I am learning Java, want to try big data and data mining, how to plan learning?

Source: Internet
Author: User
Tags svm uci machine learning repository

Copyright belongs to the author.
Commercial reprint please contact the author for authorization, non-commercial reprint please specify the source.
Tan Xin
Links: http://www.zhihu.com/question/21380122/answer/22156159
Source: Know

Big Data has two directions, one is computer-biased and the other is economy-biased. You've learned Java, so you can shot computer

Basis
1. Reading "Introduction to Data Mining", this book is very easy to understand, there is no complex advanced formula, very suitable for people to get started.
You can also use this book for reference "Data mining:concepts and Techniques". The second is thicker, but also a bit more knowledge of data warehousing.
If the algorithm is more like, you can read the Introduction to machine learning.
Of course, "machine Learning: Practical Case Analysis"
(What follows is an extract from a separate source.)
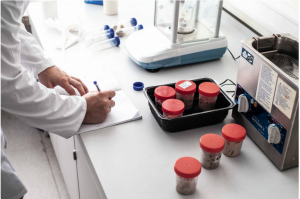 Tests mit Proben von Fleischersatz im KTU-Labor (Foto: en.ktu.edu)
2. Implement the classic algorithm. There are several parts:
A. Association rules mining (Apriori, Fptree, etc.)
B. Classification (C4.5, KNN, Logistic Regression, SVM, etc)
C. Clustering (Kmeans, DBScan, spectral clustering, etc)
D. dimensionality reduction (PCA, LDA, etc.)
E. Recommender systems (Content-based recommendations, collaborative filtering, such as matrix decomposition, etc.)
Then test on the public data set to see how the implementation works. A large number of public datasets can be found on the following Web site: UCI machine learning repository/

3. Familiar with several open source tools: Weka (for getting started); LIBSVM, Scikit-learn, Shogun

4. Take a few 101 races on Kaggle:go from Big Data to big analytics/, learn how to abstract a problem into a model, and build effective features (Feature Engineering) from the original data.

At this point, the basic number of major domestic companies will give you the opportunity to interview.

Advanced article:

1. Reading, the following sections are voluminous, but the progress is very great.
A. "Pattern Recognition and machine learning"
B. The Elements of statistical learning
C. "Machine Learning:a Probabilistic Perspective"
The first one is more biased Bayesian; the second one is biased frequentist; the third one is between the two, but I think it's the same as the first one, but it adds a lot of new content. Of course, in addition to these chatty, there are many different areas of the book, such as "boosting foundations and Algorithms", "Probabilistic graphical Models principles and techniques, and some theoretical "foundations of machine learning", "Optimization for machine learning" and so on. These books are also very useful after-school exercises, so that they can write paper when writing the formula.

2. Read the paper. includes several related meetings: KDD,ICML,NIPS,IJCAI,AAAI,WWW,SIGIR,ICDM; and several related periodicals: Tkdd,tkde,jmlr,pami, etc. Keep track of new technologies and hot issues. Of course, if you do the relevant work, this step is necessary. For example, our group style is the first half of reading paper, summer vacation to find problems, autumn to do experiments, the Spring Festival about writing/investment papers.

3. Track hot issues. For example, in recent years recommendation System,social Network,behavior targeting and so on, many of the company's business will be involved in these aspects. And some hot technologies, such as deep learning, which are now very fire.

4. Learn techniques for massively parallel computing, such as MapReduce, Mpi,gpu Computing. These technologies are used by virtually every big company, because the amount of data in reality is very large and is basically achieved on a computing cluster.

5. Participate in actual data mining contests, such as Kddcup, or Kaggle:go from the big data to big analytics/. This process will train you on how to solve a real problem in a short period of time and be familiar with the whole process of data mining project.

6. Participate in an open source project, such as the Shogun or Scikit-learn mentioned above, as well as Apache Mahout, or provide a more efficient and fast implementation of some popular algorithms, such as implementing SVM under a Map/reduce platform. This is also the ability to exercise coding. Go

I am learning Java, want to try big data and data mining, how to plan learning?

Related Article

Contact Us

The content source of this page is from Internet, which doesn't represent Alibaba Cloud's opinion; products and services mentioned on that page don't have any relationship with Alibaba Cloud. If the content of the page makes you feel confusing, please write us an email, we will handle the problem within 5 days after receiving your email.

If you find any instances of plagiarism from the community, please send an email to: info-contact@alibabacloud.com and provide relevant evidence. A staff member will contact you within 5 working days.

A Free Trial That Lets You Build Big!

Start building with 50+ products and up to 12 months usage for Elastic Compute Service

  • Sales Support

    1 on 1 presale consultation

  • After-Sales Support

    24/7 Technical Support 6 Free Tickets per Quarter Faster Response

  • Alibaba Cloud offers highly flexible support services tailored to meet your exact needs.